Editorials

No endorsement of nuclear safety

Power companies and the government should not be under the illusion that the safety of nuclear power plants under the new standards of the Nuclear Regulation Authority has been endorsed by the judiciary. While last week’s decision by the Fukui District Court paves the way for Kansai Electric Power Co. to restart reactors No. 3 and 4 at its Takahama Nuclear Power Plant as early as next month, the court urged the utility and the NRA to make constant efforts to aim higher for safety in the operation of nuclear plants.

The Abe administration has pushed for restarting nuclear power plants idled in the wake of the March 2011 meltdowns at Tokyo Electric Power Co.’s Fukushima No.1 plant once they clear the new safety regulation introduced by the NRA — which the government has touted as the “world’s most stringent.” But as the court said last week, there is no “absolute safety” in nuclear power — as the Fukushima disaster has proven.
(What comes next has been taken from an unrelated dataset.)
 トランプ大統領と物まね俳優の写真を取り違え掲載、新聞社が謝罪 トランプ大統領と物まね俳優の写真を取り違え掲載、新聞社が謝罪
The court decision does not rule out the risk of severe accidents at nuclear power plants.

The Fukui court reversed the decision given by the same court eight months ago under a different judge, who has since been transferred to another court. In April, the court ordered an injunction banning the restart of the Takahama plant on the Sea of Japan coast in Fukui Prefecture on the grounds that the NRA’s plant safety regulations, tightened after the Tepco plant meltdowns to make nuclear power plants resilient against bigger quakes and tsunami as well as severe accidents, were too lax to secure the plant’s safety. If the logic behind the decision was to be upheld, it would have dealt a crushing blow to the restart bid by the power industry and the administration because it negates the validity of the NRA regulation itself.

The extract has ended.